→ **AVAILABLE DATA**
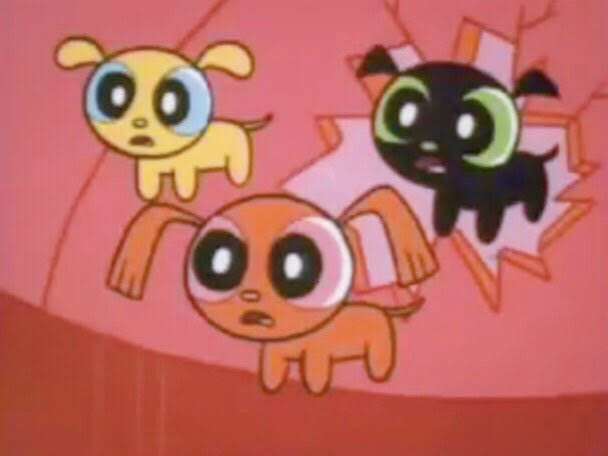 フォルダに保存してある画像で絶対に笑ってはいけないガルちゃん・2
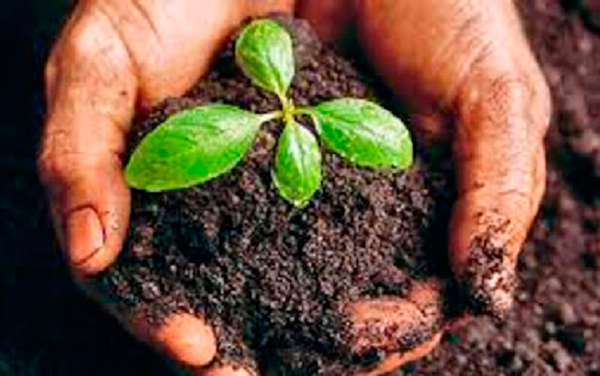 Empleo de bioproductos en la agricultura. Empleo de bioproductos en la agricultura.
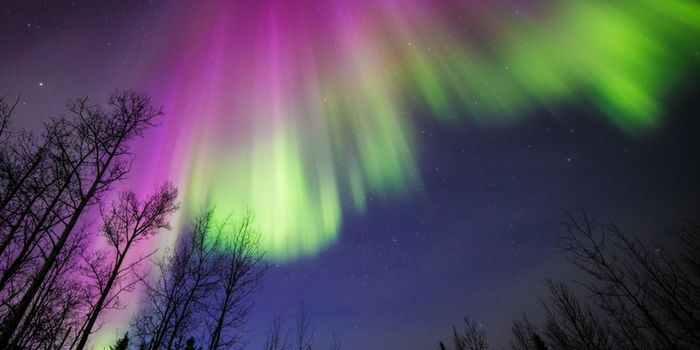 Pulsating Aurora: Exciting Parti(cl)es at the Upper Atmosphere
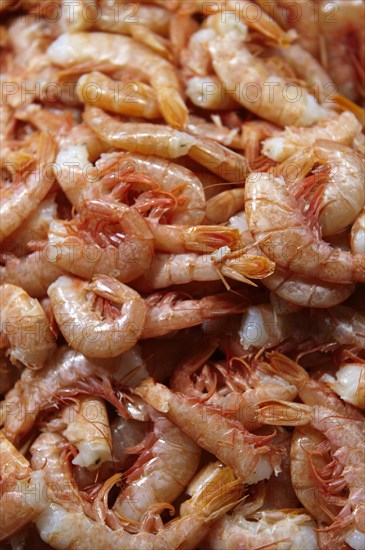 Fresh prawns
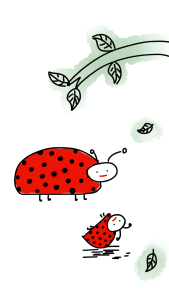 Insect baby ladybug nature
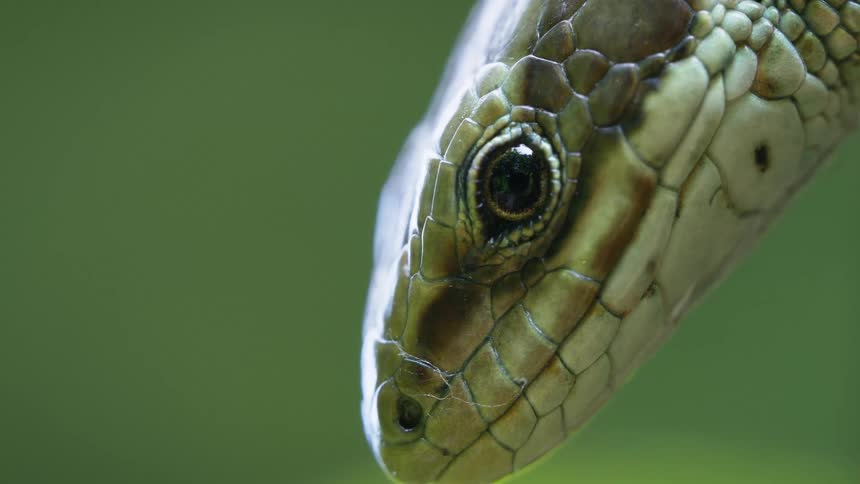 Viviparous lizard in the wild at midday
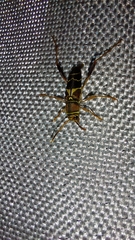 Neoclytus mucronatus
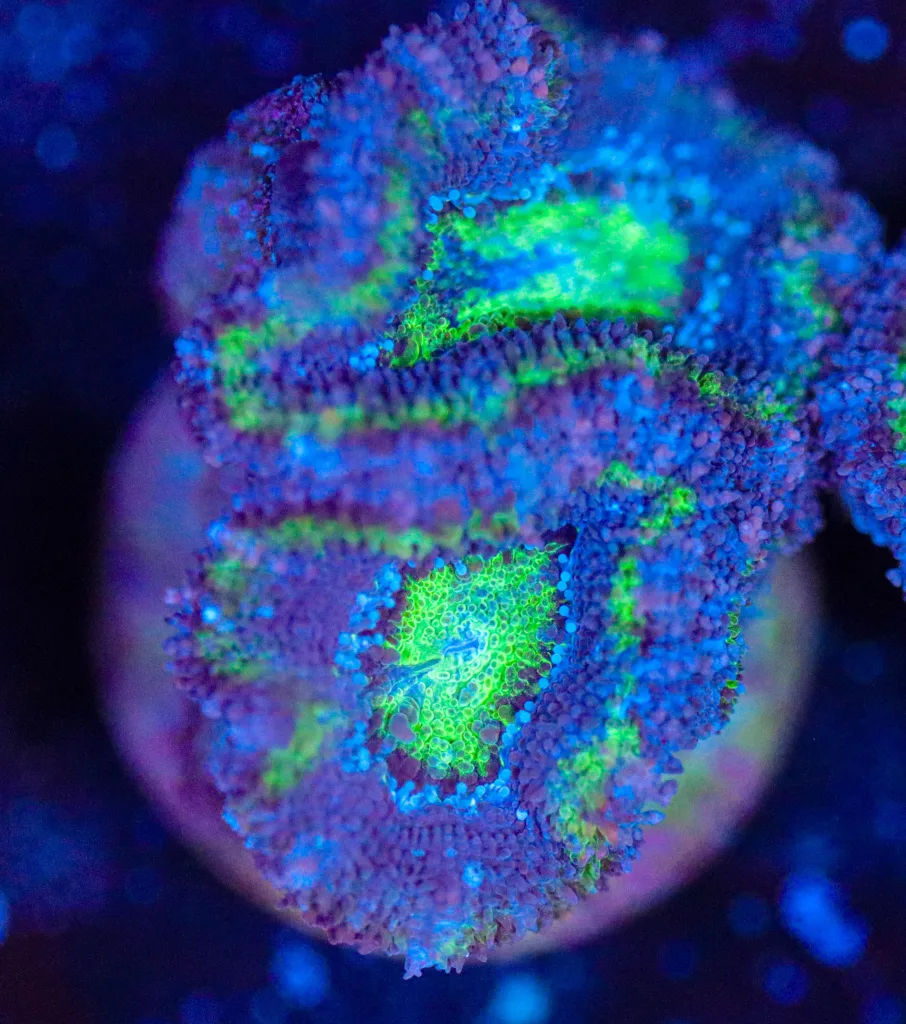 Frag Box Corals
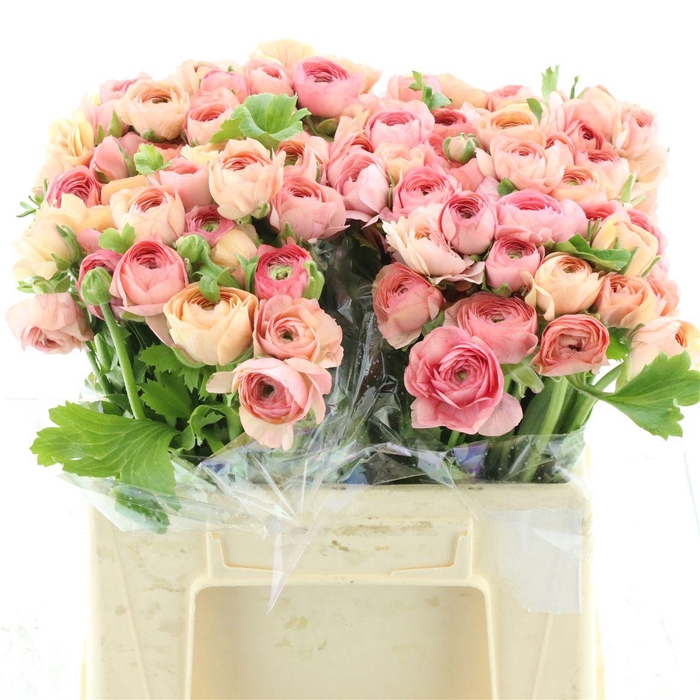 <h4>Ran El Salmon Extra</h4>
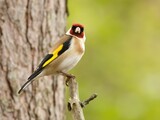 Fototapeta  - Beautiful colorful goldfinch perched on a branch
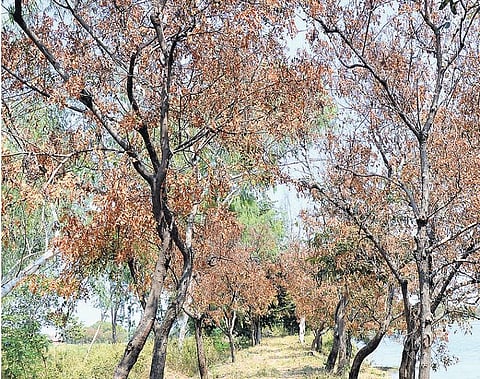 தமிழகத்தில் ‘தேயிலை கொசு’வுக்கு வேகமாக கருகும் வேப்ப மரங்கள்﻿: பாலைவனமாகும் சாலை, கல்லூரி வளாகங்கள்﻿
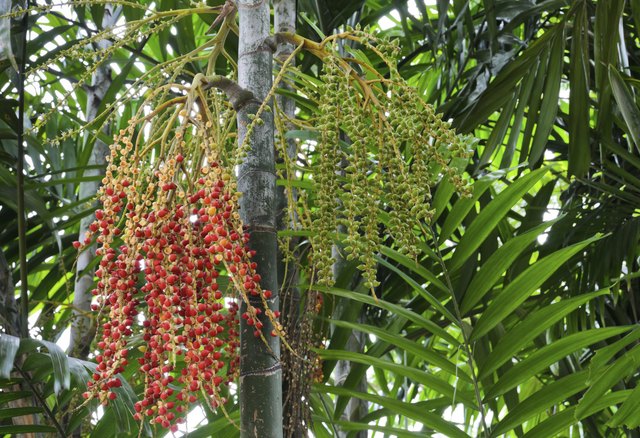 Areca nut of tropical palm tree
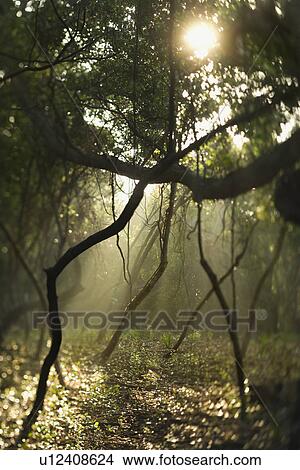 Rays of light shining through a forest View Large Photo Image Picture - Rays of light shining through a forest. Fotosearch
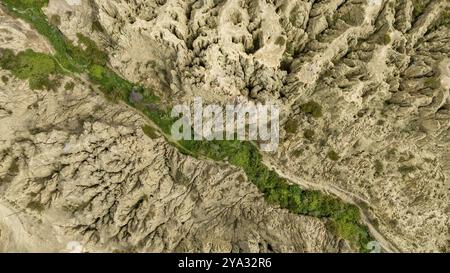 La Paz, Valle de la Luna, formazioni rocciose panoramiche. Bolivia. Sud America Foto Stock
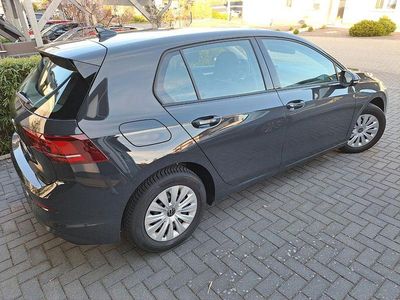 Usata VW Golf VIII 116 CV (85 kW) 2024 Grigio Berlina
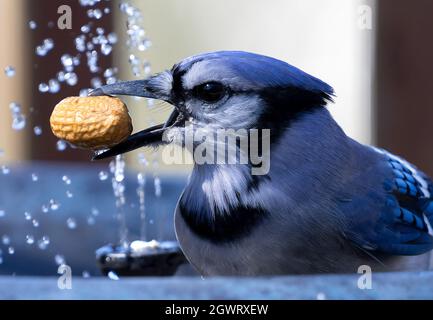 Bluejay si tuffa nella fontana del giardino dopo una arachidi galleggiante Foto Stock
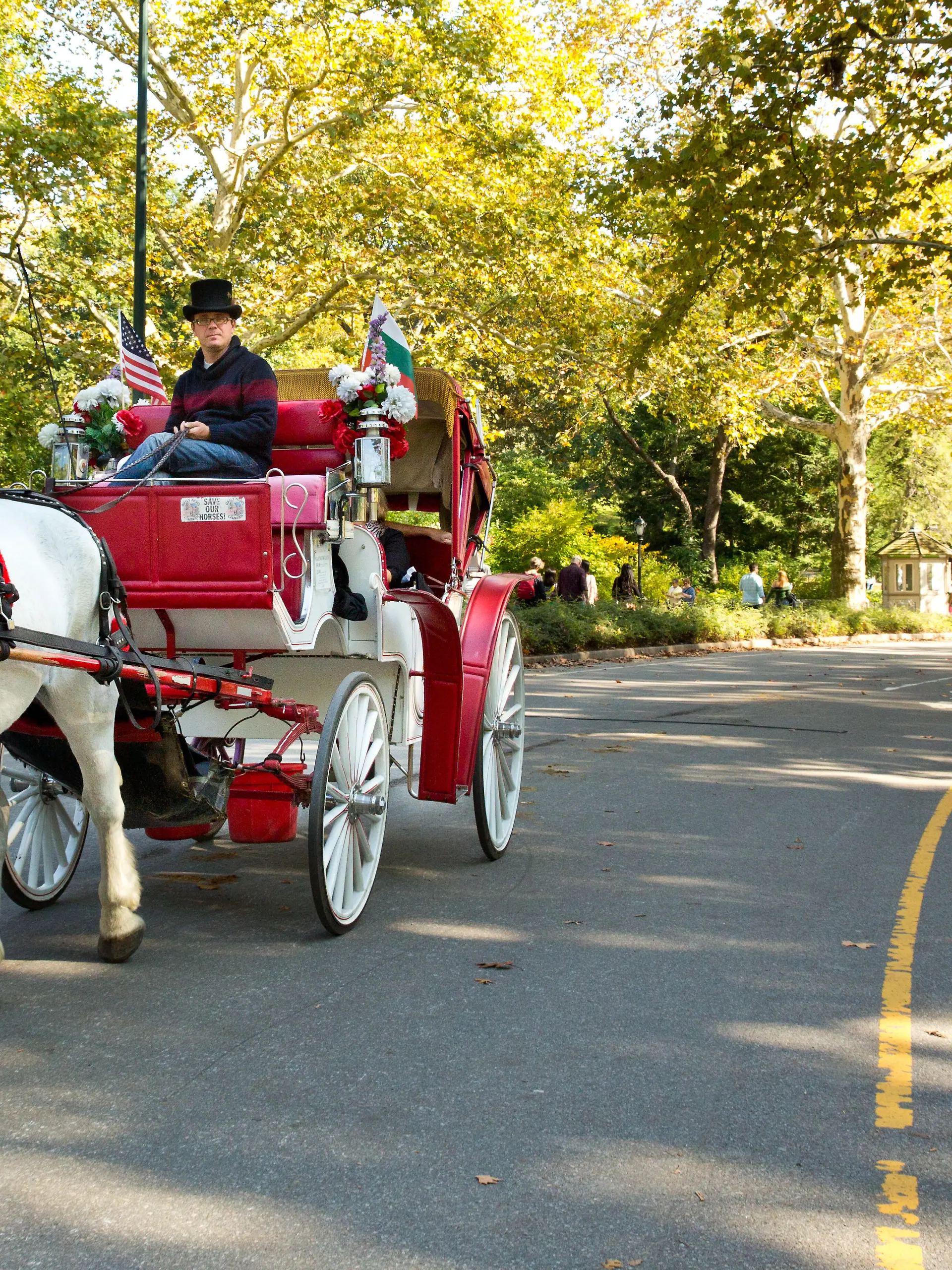 Kutsche im Central Park, Manhattan, New York City, USA, 17.10.2014.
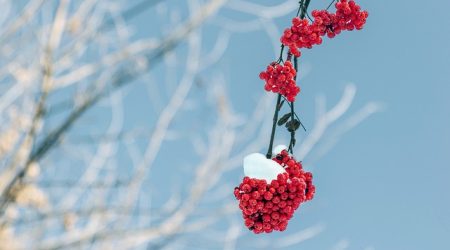 什么是站群开发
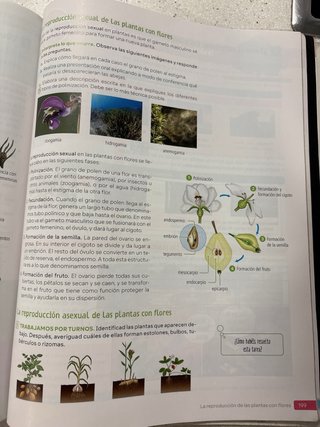Biología y Geología. 1 Secundaria. Revuela.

→ **TASK GOAL**
Out of the records above, return only the lines from the one with "<h4>Ran El Salmon Extra</h4>" through the one with "Bluejay si tuffa", exactly, and none of the pictures.

→ **SOLUTION TO THE PROBLEM**
 <h4>Ran El Salmon Extra</h4>
 Fototapeta  - Beautiful colorful goldfinch perched on a branch
 தமிழகத்தில் ‘தேயிலை கொசு’வுக்கு வேகமாக கருகும் வேப்ப மரங்கள்﻿: பாலைவனமாகும் சாலை, கல்லூரி வளாகங்கள்﻿
 Areca nut of tropical palm tree
 Rays of light shining through a forest View Large Photo Image Picture - Rays of light shining through a forest. Fotosearch
 La Paz, Valle de la Luna, formazioni rocciose panoramiche. Bolivia. Sud America Foto Stock
 Usata VW Golf VIII 116 CV (85 kW) 2024 Grigio Berlina
 Bluejay si tuffa nella fontana del giardino dopo una arachidi galleggiante Foto Stock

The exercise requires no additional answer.